Autor: ks. Paweł Kłys
Wyświetleń: 1278
Kapłańskie nieszpory przy grobie Służebnicy Bożej Wandy Malczewskiej
Udostępnij

Już po raz drugi na wspólnych nieszporach przy grobie Służebnicy Bożej Wandy Malczewskiej w Parznie zgromadzili się duchowni diecezjalni i zakonni– aby przez wstawiennictwo pobożnej Panny z Parzna zawierzyć dobremu Bogu swoje kapłaństwo i głoszenie Słowa Bożego zarówno na ambonie jak i podczas szkolnej katechizacji. Modlitwie liturgią godzin przewodniczył i słowo do kapłanów wygłosił metropolita łódzki abp Grzegorz Ryś.

We wprowadzeniu do liturgii miejscowy proboszcz przywitał zgromadzonych duchownych i cytując słowa Służebnicy Bożej zauważył, że - jako kapłani jesteśmy raczej w duchu dającym niż przyjmującym. Być może bardziej skoncentrowani jesteśmy na tym co wypływa z naszego serca dlatego ze bardzo często – codziennie jesteśmy w relacji dającej – kiedy podejmujemy pracę duszpasterską kiedy jesteśmy dla ludzi.  To może sprawiać że nasze serce zostaje zaniedbane, że nasze serce jest osamotnione, a czasem nawet cierpiące. Chciejmy przyjąć dziś miłość Pana Boga i zadbać o czas dla siebie dla naszego serca, zadbać o to by nasze serce zostało napełnione. – mówił ks. Marcin Majda.

W homilii metropolita łódzki dziękując przybyłym na wspólną modlitwę kapłanom wskazał na to, że jest czymś bardzo potrzebnym by duchowni modlili się w miejscach, gdzie spoczywają kandydaci na ołtarze, by nie tylko samemu przyglądać się ich życiu i powołaniu do świętości, ale i by innym wskazywać do nich drogę

Odnosząc się do słowa z I nieszporów VI Niedzieli Wielkanocnej metropolita łódzki zwrócił uwagę na pojawiające się  tam następujące słowa: powołanie, wybranie, świętość, kapłaństwo - które odnosimy często do siebie. Te tak ważne terminy są nie odniesione tylko do nas, ale do całego ludu. Wybrane plemię, kapłaństwo królewskie - kapłaństwo chrzcielne. Naród Święty - nie tylko namaszczone ręce kapłańskie. Lud, który przeznaczony jest Bogu na własność, a nie tylko Kaplan oddany Bogu przez celibat. Powołanie - nie zarezerwowane tylko dla duchownych, ale dla ludu. .Pan mówi- nie patrzcie tylko na siebie. Dzisiaj ten tekst mówi patrzcie szerzej! Żyjesz swoim powołaniem to pięknie, ale czy lud tobie powierzony żyje tym powołaniem- pytał duchowny.

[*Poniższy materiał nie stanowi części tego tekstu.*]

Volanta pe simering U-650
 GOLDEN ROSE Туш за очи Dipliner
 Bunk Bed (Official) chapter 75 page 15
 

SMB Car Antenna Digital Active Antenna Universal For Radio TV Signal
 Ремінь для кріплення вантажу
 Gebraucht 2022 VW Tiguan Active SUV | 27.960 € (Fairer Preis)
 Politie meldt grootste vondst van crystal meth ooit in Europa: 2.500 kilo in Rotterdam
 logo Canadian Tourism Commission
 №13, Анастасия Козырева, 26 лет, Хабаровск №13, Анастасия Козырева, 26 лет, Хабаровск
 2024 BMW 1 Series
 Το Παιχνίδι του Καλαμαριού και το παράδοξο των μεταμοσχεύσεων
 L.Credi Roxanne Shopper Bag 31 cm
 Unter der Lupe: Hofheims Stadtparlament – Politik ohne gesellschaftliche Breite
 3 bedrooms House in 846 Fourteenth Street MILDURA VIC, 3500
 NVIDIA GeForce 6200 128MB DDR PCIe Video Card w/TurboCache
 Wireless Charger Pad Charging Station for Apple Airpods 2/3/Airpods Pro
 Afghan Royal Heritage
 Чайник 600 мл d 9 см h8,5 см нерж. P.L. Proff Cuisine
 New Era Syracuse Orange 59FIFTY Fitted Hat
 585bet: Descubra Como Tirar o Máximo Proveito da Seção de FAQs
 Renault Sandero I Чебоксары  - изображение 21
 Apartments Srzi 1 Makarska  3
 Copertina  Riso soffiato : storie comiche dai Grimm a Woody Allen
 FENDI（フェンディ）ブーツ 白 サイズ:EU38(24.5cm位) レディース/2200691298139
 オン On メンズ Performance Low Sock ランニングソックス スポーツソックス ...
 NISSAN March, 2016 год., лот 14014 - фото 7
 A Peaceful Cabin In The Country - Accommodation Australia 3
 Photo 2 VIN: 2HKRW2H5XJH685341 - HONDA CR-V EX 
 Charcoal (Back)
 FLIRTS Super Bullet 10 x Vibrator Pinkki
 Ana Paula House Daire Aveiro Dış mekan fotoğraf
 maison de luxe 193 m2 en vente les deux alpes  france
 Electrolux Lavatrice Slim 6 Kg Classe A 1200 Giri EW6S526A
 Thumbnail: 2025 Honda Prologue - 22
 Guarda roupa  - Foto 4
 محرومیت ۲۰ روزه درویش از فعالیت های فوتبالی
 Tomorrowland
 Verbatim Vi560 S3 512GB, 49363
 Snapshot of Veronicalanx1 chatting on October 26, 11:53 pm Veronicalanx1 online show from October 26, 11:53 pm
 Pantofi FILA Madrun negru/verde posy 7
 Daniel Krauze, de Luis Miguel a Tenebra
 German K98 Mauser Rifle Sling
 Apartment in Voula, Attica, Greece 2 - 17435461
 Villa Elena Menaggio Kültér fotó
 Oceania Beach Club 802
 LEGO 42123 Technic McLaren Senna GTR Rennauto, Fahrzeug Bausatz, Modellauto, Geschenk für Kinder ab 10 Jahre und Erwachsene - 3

- Każdy z nas się pyta siebie: czy żyje swoim powołaniem – wybraniem, czy wypełniam swoją misję kapłańską przyjętą w sakramencie święceń? Na ile jestem częścią wspólny uczniów? To jest spojrzenie, które wzywa nas do pokory i widzenia się nie ponad - ale wewnątrz, w środku - w takiej radości bycia Kościołem- radością bycia z innymi.- zauważył abp Ryś.

-  Kluczem jest doświadczenie - doznanie miłosierdzia. Wtedy, kiedy wiem, że jestem grzesznikiem, kiedy wiem ile w życiu zrobiłem złych rzeczy i dalej je czynię,  i pomimo tego wszystkiego Pan mi każe stawać przy Jego ołtarzu, otwierać usta by głosić Słowo Boże i sprawować sakramenty.  Wtedy mija mi pokusa stawiania się ponad ludzi, poczuwania się do bycia lepszym od nich. Pan Bóg jest wobec mnie miłosierny. – podkreślił duchowny.

Po nieszporach – w krypcie pod kościołem – metropolita łódzki odmówił modlitwę za kapłanów i wspólnoty w których posługują duchowni zawierzając ich Bogu przez wstawiennictwo Służebnicy Bożej Wandy Malczewskiej.

Po zakończeniu modlitwy na placu przed świątynia miała miejsce wspólna agapa.

Pomysłodawcą majowych kapłańskich spotkań w Parznie jest proboszcz parafii NSJ w Parznie – ks. Marcin Majda. Pierwsze kapłańskie nieszpory przy grobie Służebnicy Bożej Wandy Malczewskiej odbyły się w 2022 roku.